START Exercise data

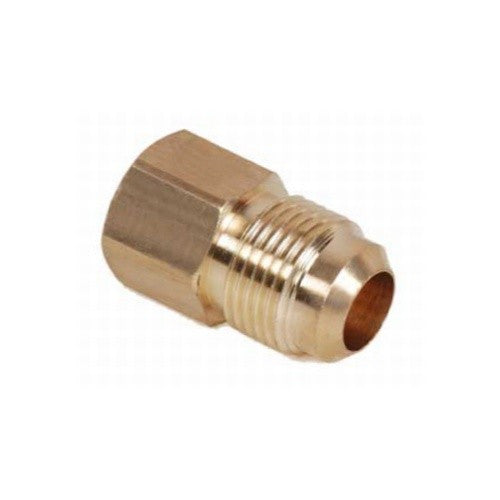 1/2" Flare to 1/2" Female NPT Adapter - Brass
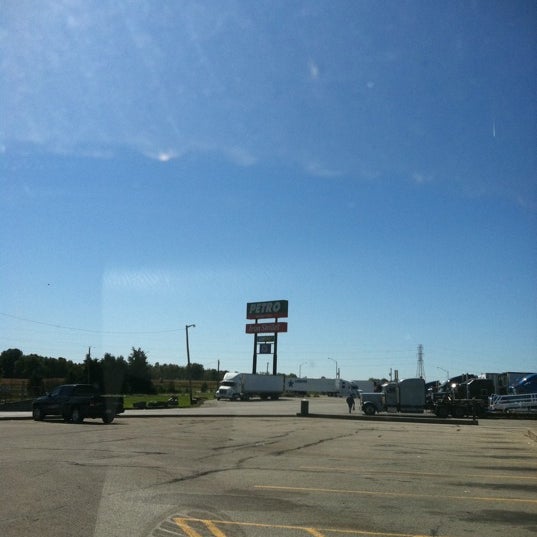 Photo taken at Petro Stopping Center by Renee M. on 10/2/2011
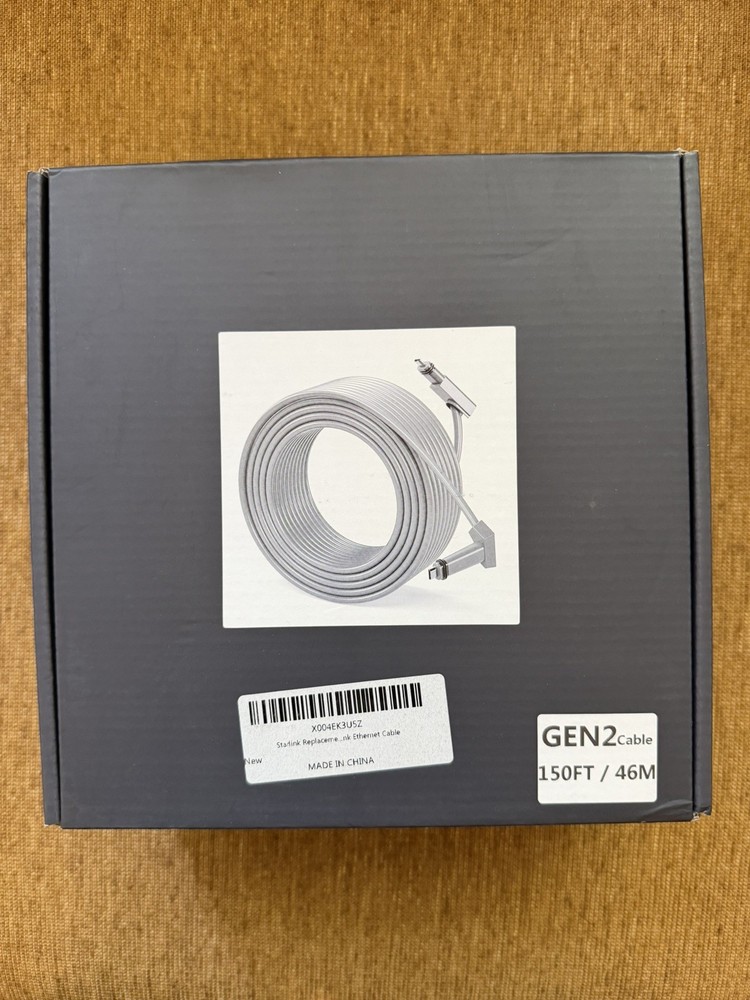 Starlink v2 dish kit with (2) mesh routers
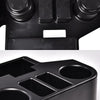 G-PLUS Center Console Cupholder Cup Holder Compatible with Dodge Ram 1500/2500/3500 1994-1997 Black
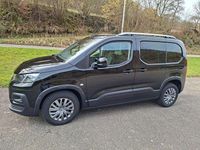 Gebraucht Peugeot Rifter Active 131 PS (96 kW) 2022 Schwarz Van / Kleinbus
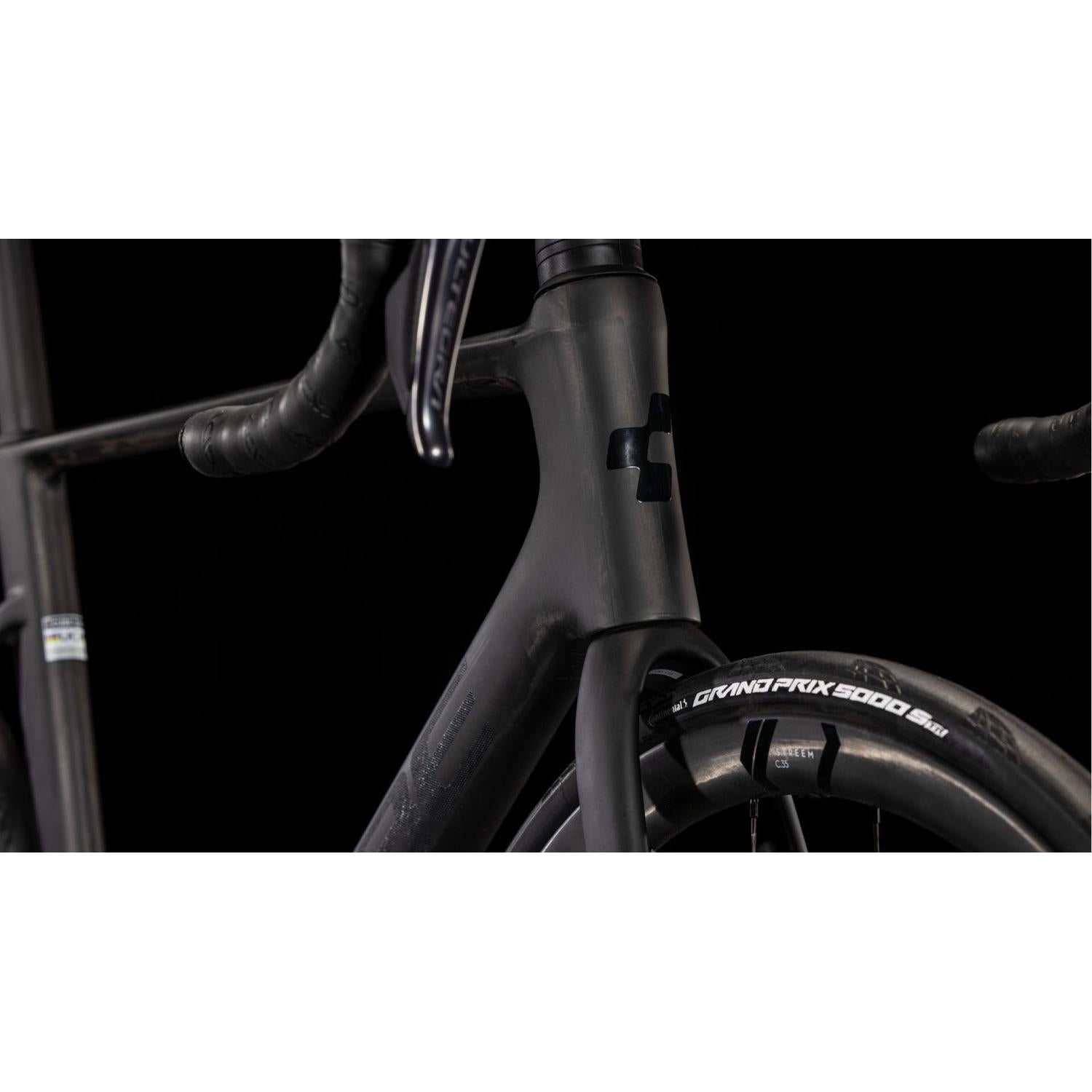 Cube Litening AIR C:68X Race Aero Road Bike Blackline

END Exercise data

## Task
An exact reproduction of every record above is required, with no pictures included.

## Task output
 1/2" Flare to 1/2" Female NPT Adapter - Brass
 Photo taken at Petro Stopping Center by Renee M. on 10/2/2011
 Starlink v2 dish kit with (2) mesh routers
 G-PLUS Center Console Cupholder Cup Holder Compatible with Dodge Ram 1500/2500/3500 1994-1997 Black
 Gebraucht Peugeot Rifter Active 131 PS (96 kW) 2022 Schwarz Van / Kleinbus
 Cube Litening AIR C:68X Race Aero Road Bike Blackline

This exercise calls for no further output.